# Package retail prices 2011



## mythomane (Feb 18, 2009)

All indicators state that this was a banner year. I cannot imagine they would go up much if at all.


----------



## The Honey Householder (Nov 14, 2008)

Still to early. Supplier not leaving the cat out of the bag yet.:scratch:


----------



## fish_stix (May 17, 2009)

With no Australian imports this year I think demand will be HIGH for packages and nucs and would expect higher prices. Already seeing higher nuc prices from some suppliers.


----------



## blueskybeesupply (Dec 11, 2007)

I think prices will be up about 10-15%. I hear the big suppliers are preparing handlers for an increase. As stated, they will be in high demand.


----------



## Skinner Apiaries (Sep 1, 2009)

Yea, I meant domestic pkgs; but on that note no aussie pkgs? How's supply for almonds
looking? New thread material?


----------



## soupcan (Jan 2, 2005)

Got a load of HFC 55 last week & was told record amouts of syrup being shipped this fall.
The reason is it seems that there is a lack of fall flow across most of the country & warm temps the girls are eating rather well.
Some parts of the country I am told it is almost to late to feed syrup.
I was also told many beeks have not had a look-see at there hives as to what is going on with this strange fall.
My thoughts are order early & prepay for your order.


----------



## camero7 (Sep 21, 2009)

Local retailer that sells Gardner/Spell bees is up about 15% here in New England.


----------



## soupcan (Jan 2, 2005)

Up 15%, on price or orders???


----------



## camero7 (Sep 21, 2009)

price


----------



## Beeslave (Feb 6, 2009)

$70.00-$75.00 for 3 lbs depending on qty.

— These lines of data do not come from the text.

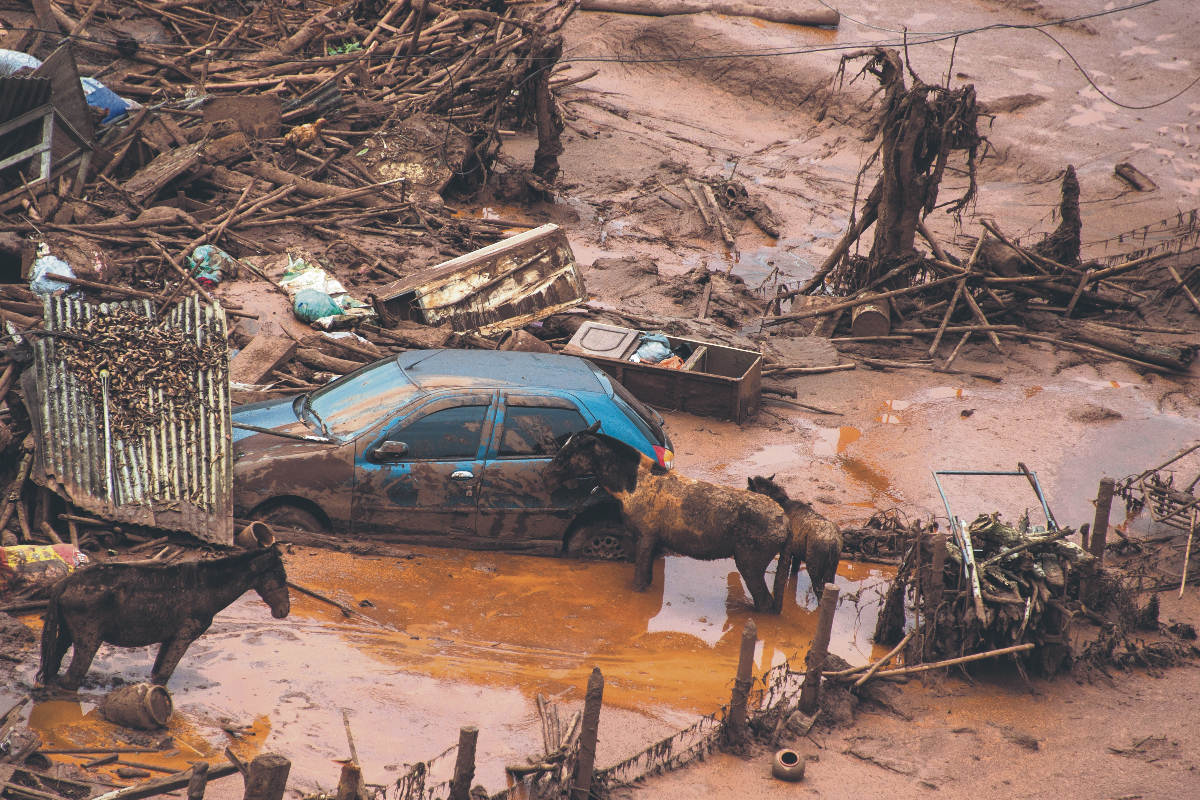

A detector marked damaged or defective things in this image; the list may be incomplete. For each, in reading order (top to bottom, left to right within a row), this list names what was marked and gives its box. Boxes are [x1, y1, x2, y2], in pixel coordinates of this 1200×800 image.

rusty metal roofing panel [369, 221, 585, 335]
broken wooden drawer [369, 224, 585, 335]
rusted metal grate [29, 297, 234, 546]
rusty metal roofing panel [31, 297, 235, 546]
broken wooden drawer [561, 321, 758, 424]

I've heard some guys(reseller) offering package suppliers $60.00-$65.00 in 500+ 3 lbs package lots. 

One person was offered $60.00 ea(600+ order) plus new cages would be supplied by the buyer.

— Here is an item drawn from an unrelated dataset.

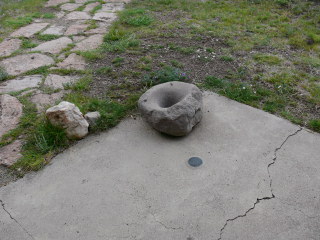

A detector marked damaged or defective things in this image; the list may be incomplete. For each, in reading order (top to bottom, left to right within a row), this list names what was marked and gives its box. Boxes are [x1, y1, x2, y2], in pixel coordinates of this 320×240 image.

cracked concrete [0, 92, 320, 240]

Hobbiest and BackYarder interest in honeybees is way up

Honey sales are up and so is the price being paid for good quality honey.


----------



## The Honey Householder (Nov 14, 2008)

Hay while were at it does anyone know what retail honey is going for next year. If I knew it was going to be this high this year I wouldn't have sold so many packages out this year.


----------



## Beeslave (Feb 6, 2009)

$8.50 for a 1 lb squeeze bottle

$17.00 for a qt jar.

Pails will be $2.50-$3.00 per lb depending on qty purchased.

Barrels $2.00 lb


----------



## The Honey Householder (Nov 14, 2008)

Thanks!:thumbsup: I'm calling tomorrow for another load. Maybe I can get a second load before May.


----------



## Beeslave (Feb 6, 2009)

http://www.beesource.com/forums/showthread.php?t=246549

I can make it a full load with 1 phone call. You need a good tax write off anyways.

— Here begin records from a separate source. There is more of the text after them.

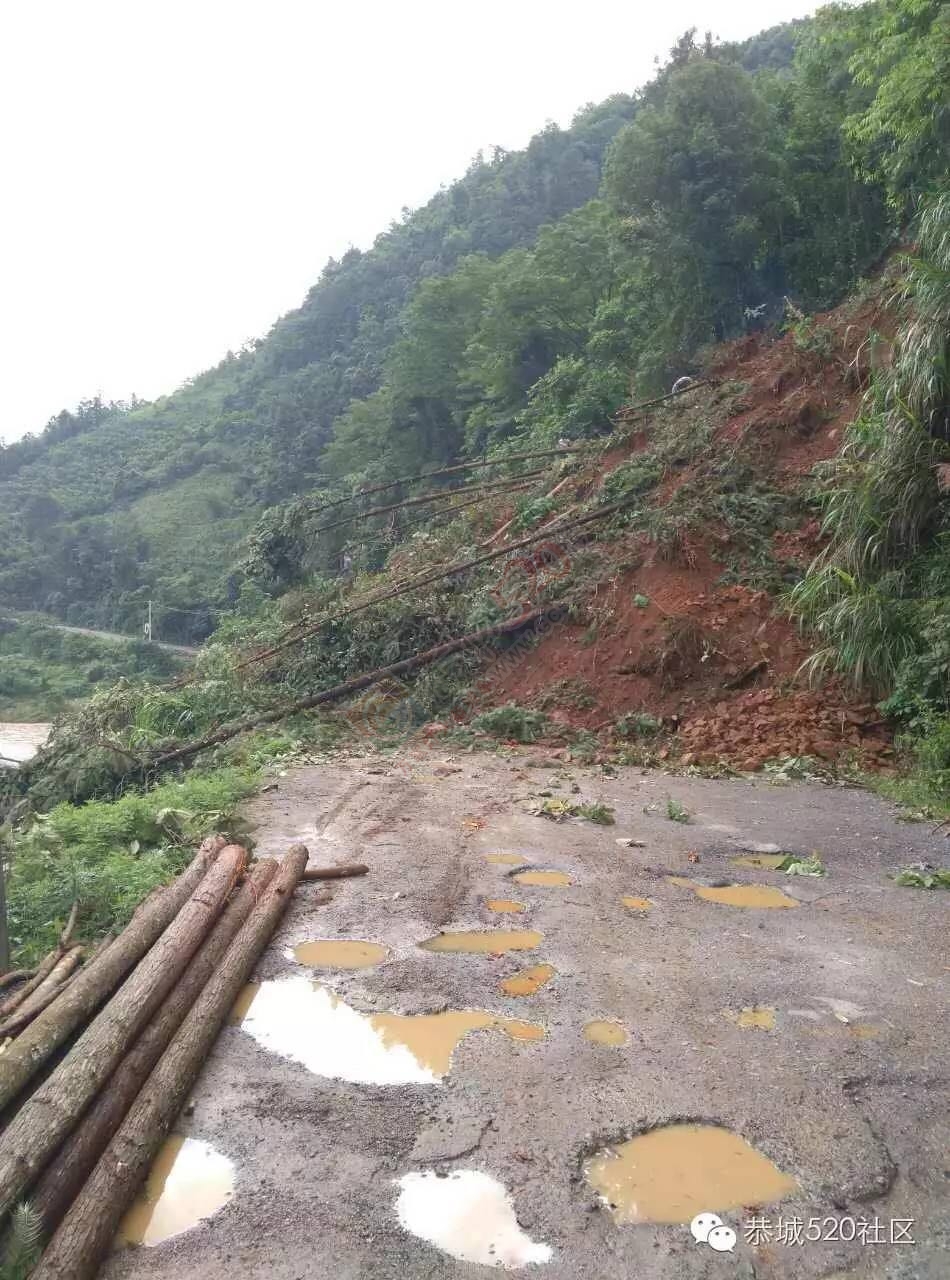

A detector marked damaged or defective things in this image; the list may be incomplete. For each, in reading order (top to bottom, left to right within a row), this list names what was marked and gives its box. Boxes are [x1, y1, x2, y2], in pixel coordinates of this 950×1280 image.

pothole [514, 870, 573, 890]
pothole [670, 880, 804, 911]
pothole [294, 936, 391, 962]
pothole [417, 931, 542, 952]
pothole [499, 967, 558, 998]
pothole [233, 977, 542, 1080]
pothole [583, 1024, 629, 1044]
pothole [727, 1003, 778, 1034]
pothole [114, 1136, 235, 1244]
pothole [583, 1126, 798, 1223]
pothole [396, 1172, 558, 1269]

While you are up here I can put you in a nice yard truck(12' bed)


----------



## Sweet to the Soul (Sep 1, 2010)

The Honey Householder said:


> Thanks!:thumbsup: I'm calling tomorrow for another load. Maybe I can get a second load before May.


Hey leave some for me. They already told me you had raised your order.


----------



## ChristopherA (Jul 20, 2010)

Here in Virginia we are seeing prices of 3lb packages for around 86 dollars and nucs from 95 to 125 (some with equipment exchange).

A bit high in my opinion, however it is what it is.


----------